Russia–Vietnam relations

Diplomatic mission
- Russian embassy, Hanoi: Vietnamese embassy, Moscow

= Russia–Vietnam relations =

Russia–Vietnam relations (Российско-вьетнамские отношения, Quan hệ Nga – Việt) date back formally to 30 January 1950, when the Union of Soviet Socialist Republics established relations with Democratic Republic of Vietnam.
The Soviet Union was one of the first countries in the world to recognize and formally establish diplomatic relations with Vietnam, laying the foundations for strong and cooperative friendship between the two countries.

==History==

=== Early years ===

The first Vietnamese appeared in the USSR in the early 1920s.
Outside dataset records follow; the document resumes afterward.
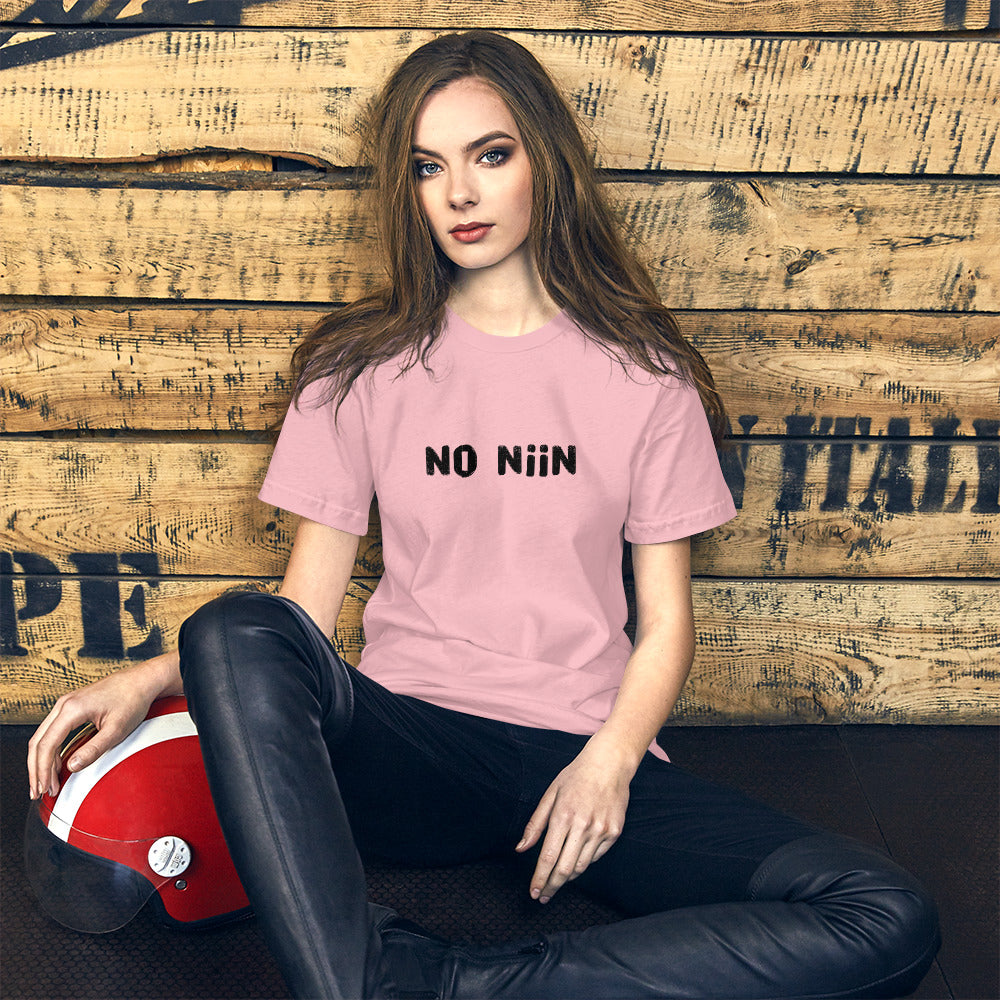 No niin Finnish language t-shirt in pink, front view, Very Finnish Problems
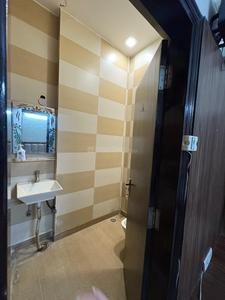 Bathroom Image of 840 Sq.ft 1 BHK Builder Floor for rent in Shalimar Bagh New Delhi for Rs. 20000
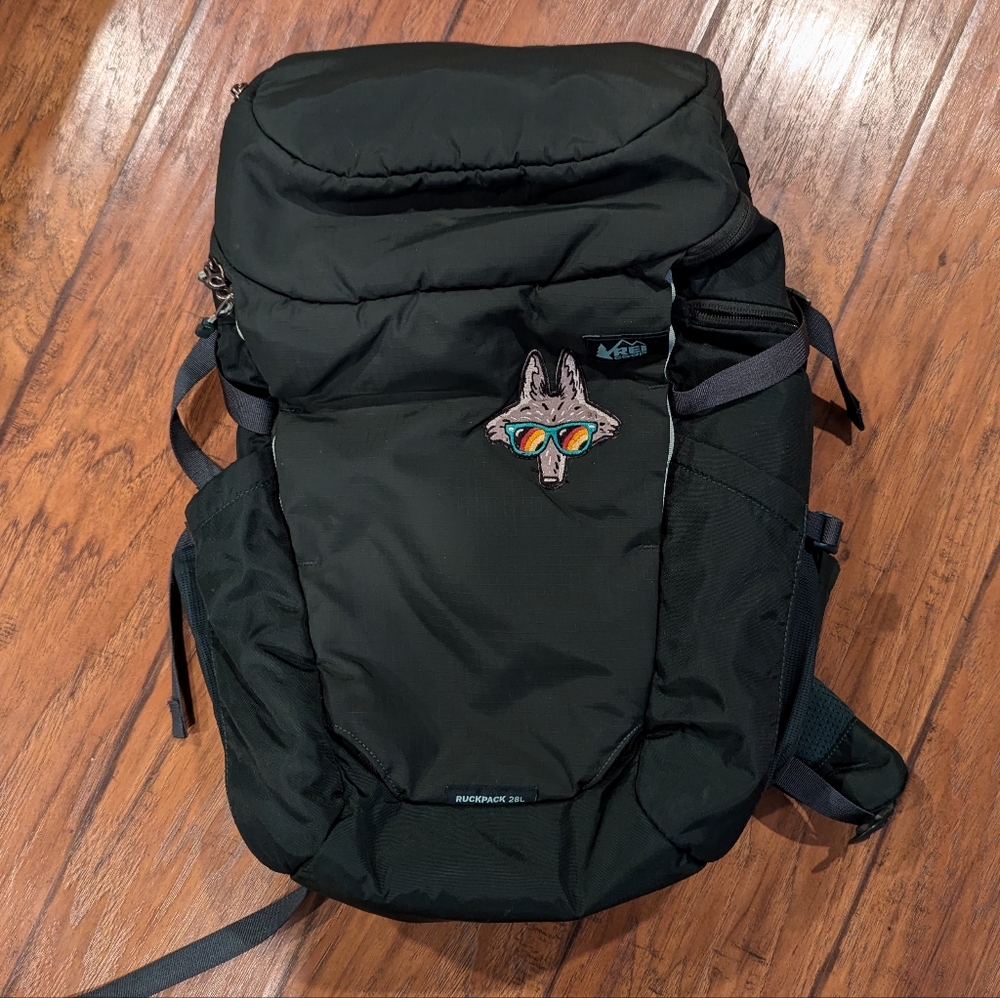 REI Rucksack 28L (discontinued style/color)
These were students from Comintern universities, mainly from the Communist University of the Toilers of the East. About 70 Vietnamese passed through this system of communist education in Soviet Russia. Ho Chi Minh studied in Moscow in the 1920s, along with other members of the Indochinese Communist Party.
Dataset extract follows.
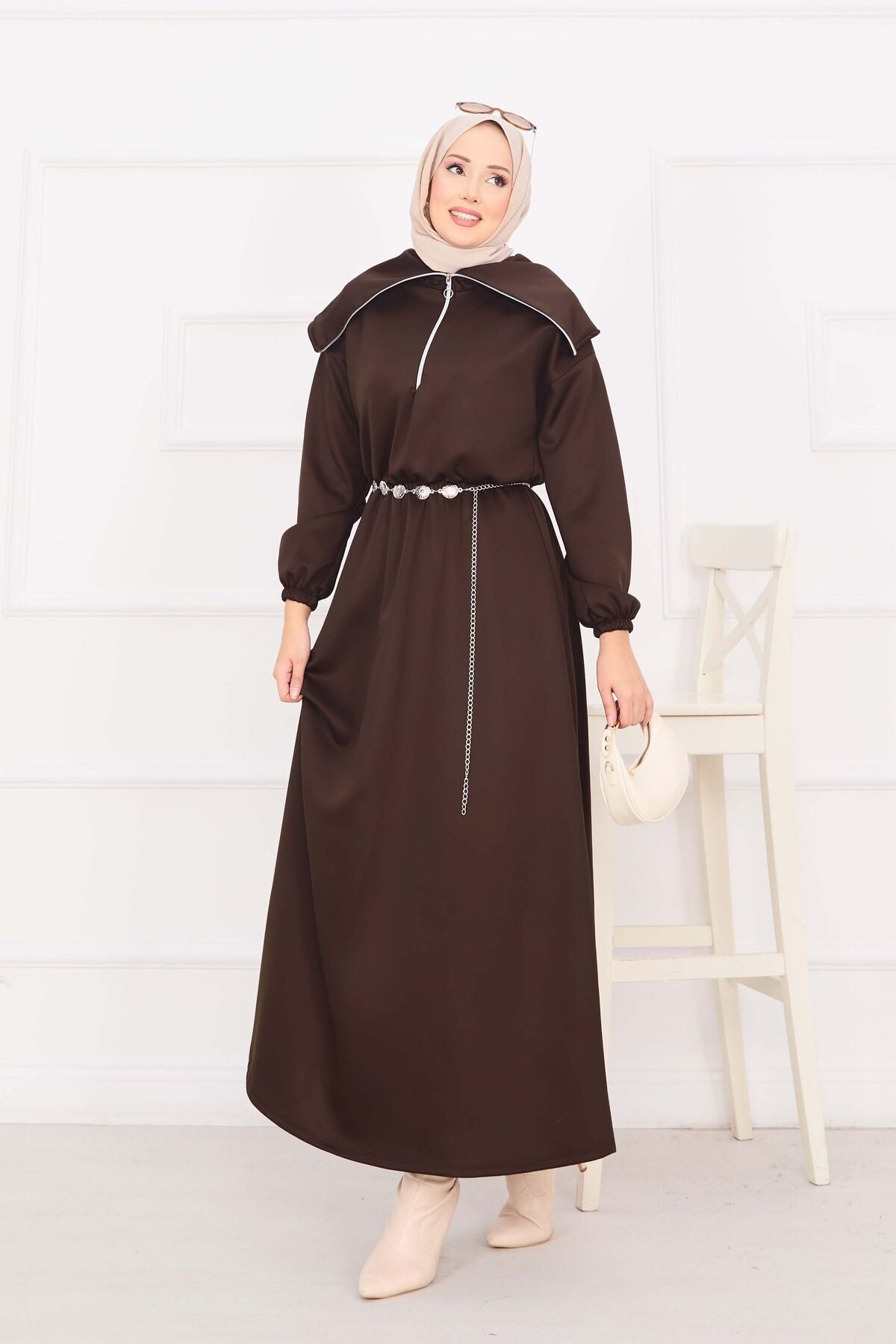 Şal Yaka  Zincir Kemerli Tesettür Elbise Kahverengi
The Soviet Union was the second country, after the newly established People's Republic of China, to diplomatically recognize the Democratic Republic of Vietnam during the First Indochina War in January 1950. The Soviet Union pressured the Viet Minh delegation to accept partition as a compromise solution to the conflict at the 1954 Geneva Conference. Later, in 1964, Soviet Premier Alexei Kosygin visited Hanoi to try to dissuade Lê Duẩn against escalating the Vietnam War against South Vietnam and the United States. Nevertheless, the USSR was traditionally one of Vietnam's strongest allies and offered crucial military aid to North Vietnam during the war. Aid included air-defense equipment such as radar and surface-to-air missiles. It also included pilot training and aircraft, such as "some all-weather MIG fighters" and several IL-28 light bombers.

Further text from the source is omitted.